JOR000 09-02-2005 05:33 AM

Is Grub necessary for Dual boot system
I have Windows Xp installed on 1 hard drive, and had suse 9.3 installed on 2nd hard drive. It all worked fine and using grub could go into either O/S. I then decided to delete suse, therefore...after a long search found out how to delete Grub so my computer would boot as an XP system again, i now want to install Ubuntu on 2nd drive, can i use the windows boot menu or will a linux boot menu be needed such as Grub.

I also have Windows (longhorn) Vista beta installed (partition on my 1st drive) so when i turn my machine on it lets me decide between XP and Vista, could i just add ubuntu to the menu.

Sorry if its confusing, many thanks


oneandoneis2 09-02-2005 05:36 AM

Windows is very self-centered & only offers Microsoft OSes as boot options.

To boot into Linux, you will need a Linux bootloader such as Grub or Lilo, either on the first drive's MBR; or on the second drive's MBR & play around with the boot order on every boot; or on a boot disk that you put in the drive when you require a Linux boot. . .

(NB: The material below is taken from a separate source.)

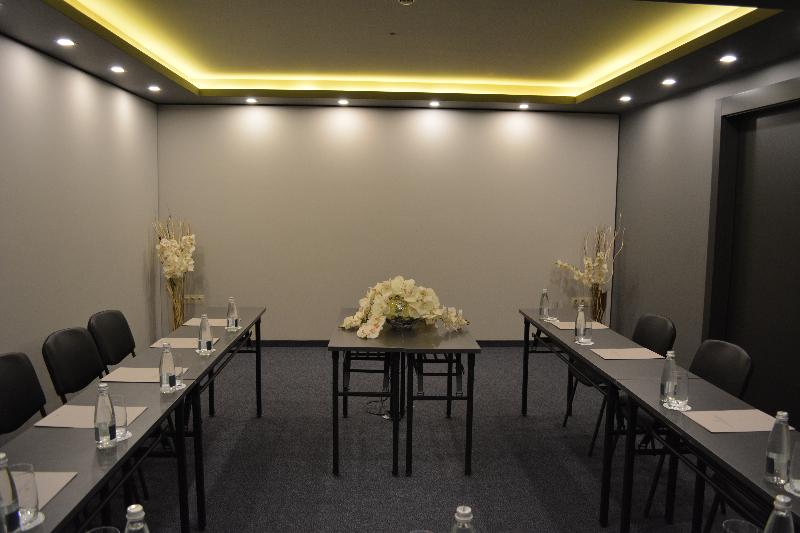 All Seasons Residence - Toplantı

acid_kewpie 09-02-2005 05:37 AM

I haven't a clue how M$'s shitty bootloader works, but generally you would install grub onto the boot partition of linux rather than the MBR itself (i.e. hda1 and not hda) then you would just chain from the other bootloader which is in the MBR. Grub rocks though...

JOR000 09-02-2005 05:43 AM

Cheeers for the quick reply

so basically, i should just install ubuntu with the linux boot loader like i had it before, and worry about getting it off when it comes to it?


syg00 09-02-2005 06:12 AM

I gather Vista has a new loader - haven't (and probably won't) tried it, so treat the following with appropriate caution.

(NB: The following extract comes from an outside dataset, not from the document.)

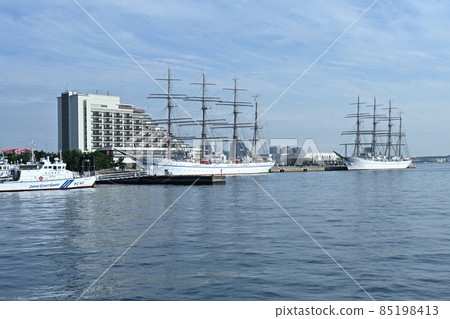 從停泊在神戶港的“Nippon Maru”和“Kaiwo Maru”美利堅公園 從停泊在神戶港的“Nippon Maru”和“Kaiwo Maru”美利堅公園 85198413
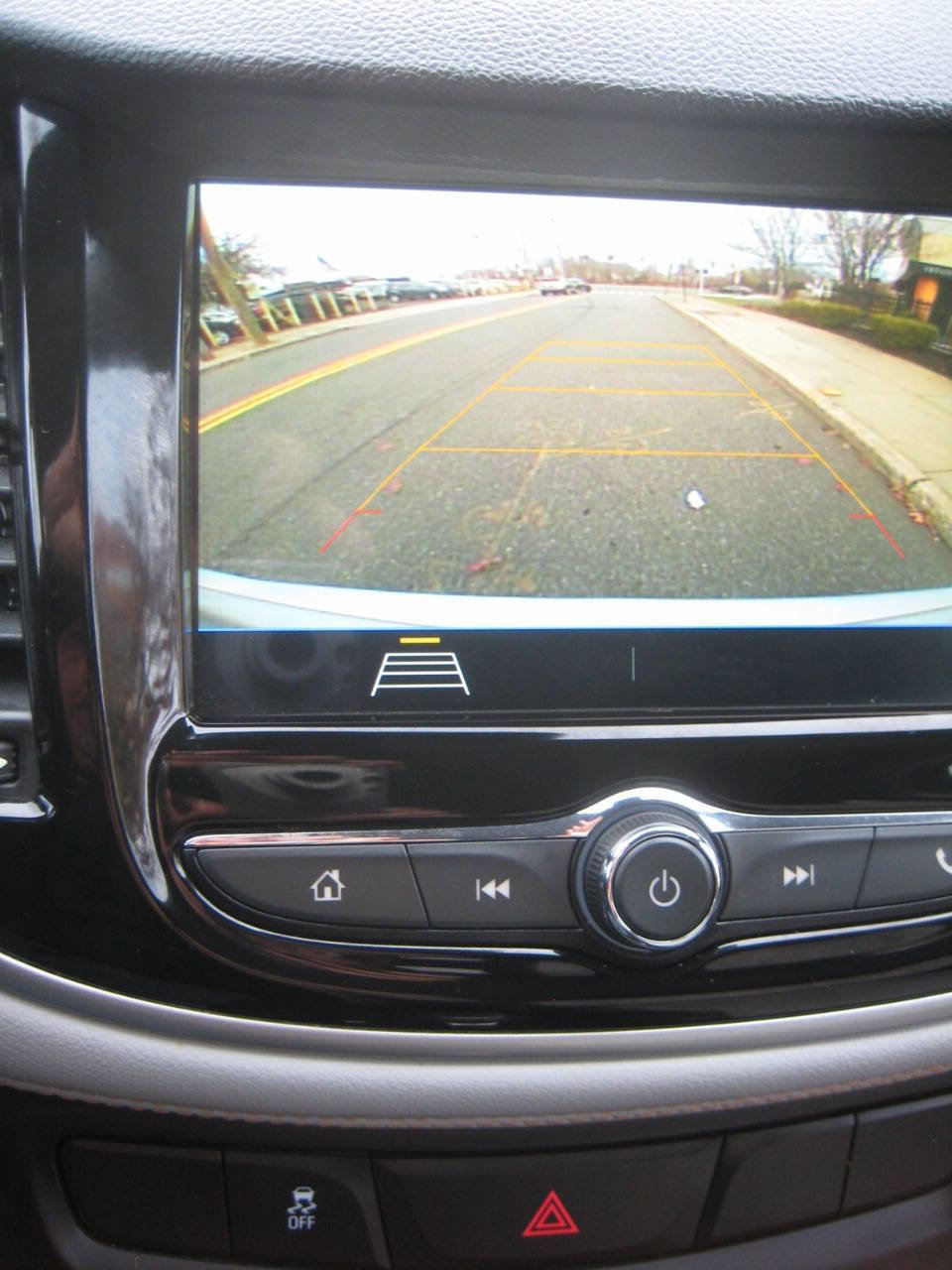 Used 2019 Chevrolet Trax LT w/ Driver Confidence Package image 28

Seems you *need* the new BOOTMGR - even if you fixmbr/fixboot from XP, you (apparently) need the new ntldr if you want to boot Vista.

Sooo ......
My recommendation would be to instruct Ubuntu (if you can) to install to a partition rather than MBR (of any disk). Then copy the boot sector record across to the M$oft system partition (presumably Vistas), and update boot.ini to add the option to boot Linux.
Believe it or not, acid_kewpie said *exactly* the same thing .... ;)

saikee 09-02-2005 10:05 AM

Not a fan of MS myself but I would defend the NT boot loader NTLDR by confirming that it boots Linux just as Linux boots Windows.

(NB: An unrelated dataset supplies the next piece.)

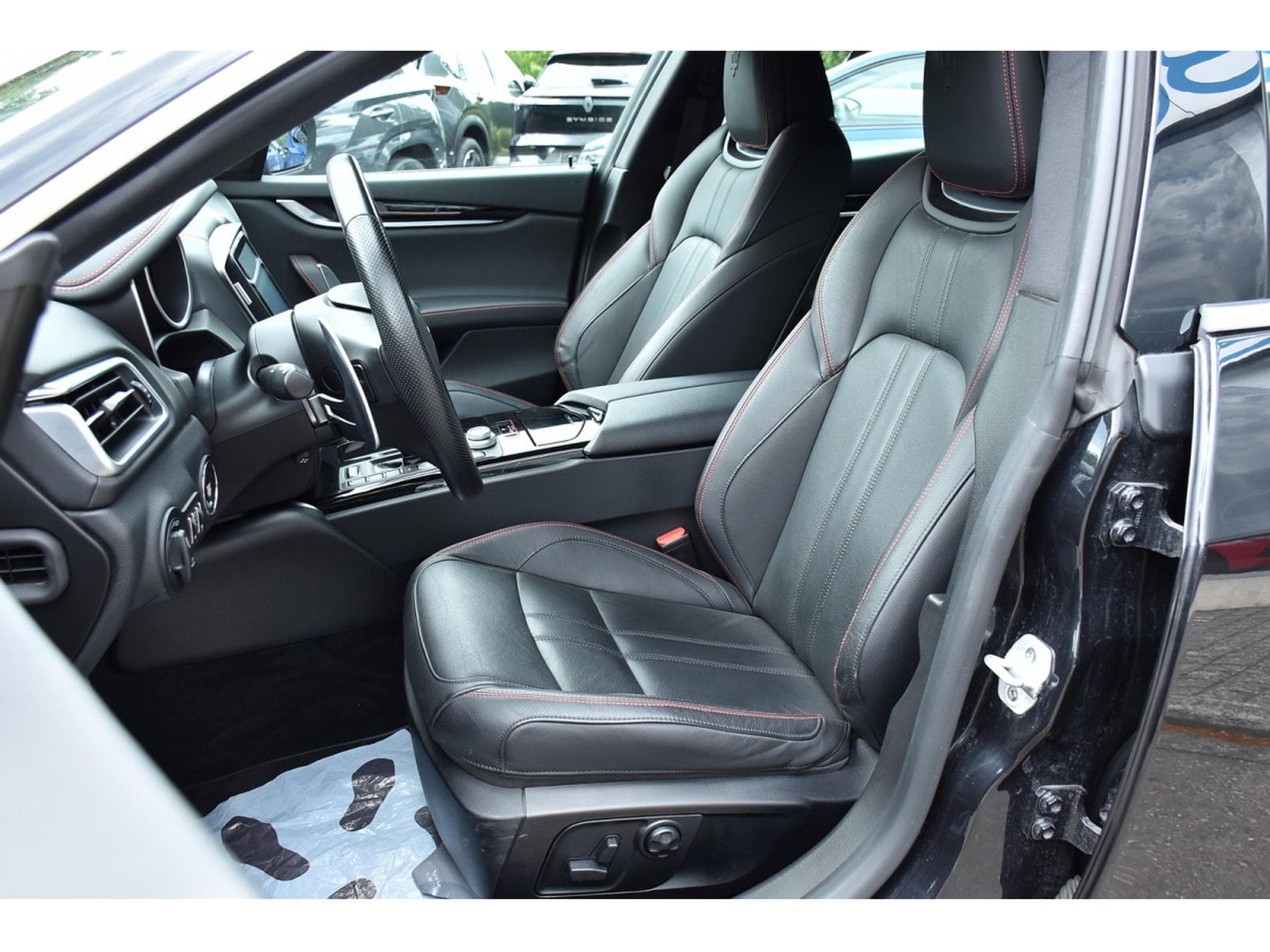 Maserati Ghibli 3.0 V6 BiTurbo Ribelle CUIR MEMO GPS KEYLESS (2018) - Foto 5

Multi-booting in NT versions of Windows is possible but a bit involved. One need to amend the hidden file boot.ini the same way one would modify Grub's /boot/grub/menu.lst or Lilo's /etc/lilo.conf for inclusion of the additional booting choices. However NT boot loader likes to round up all the booting code at the sector 0 of every system you want to boot and places them inside its "C" drive. It is a pain in the arxe as Linux can do this very easily but it can't write on a NTFS partition. One can't amend boot.ini while running XP/Win2k because it is a system security issue and needs to do it in command prompt, etc etc.

The worst part of it is NTLRD can only cope with 10 systems the last time I strectched it. Even Lilo can do 15 and sky is the limit for Grub (possibly limited by Linux's maximum 255 raw devices in practical term)

I don't have the new WIndows version to try it out but judging from this thread it is the same NT boot loader to me.

If one intalls a Linux boot loader in MBR to boot a NTLDR and the latter also multiboot two Windows it will work just fine.

Technically Grub doesn't boot Windows. It boots its NT boot loader. That is why Grub can boot all the systems, including those haven't been invented yet for the PC. Kind of a queer statement but that is how Grub works.

sundialsvcs 09-02-2005 01:28 PM

I definitely would use grub. This loader runs first, lets you choose which system to run, and hands-off control to NT's loader if you select it. This is much more flexible and can even be used if you're building multiple test-versions of NT on the same machine.

The grub documentation is quite thorough.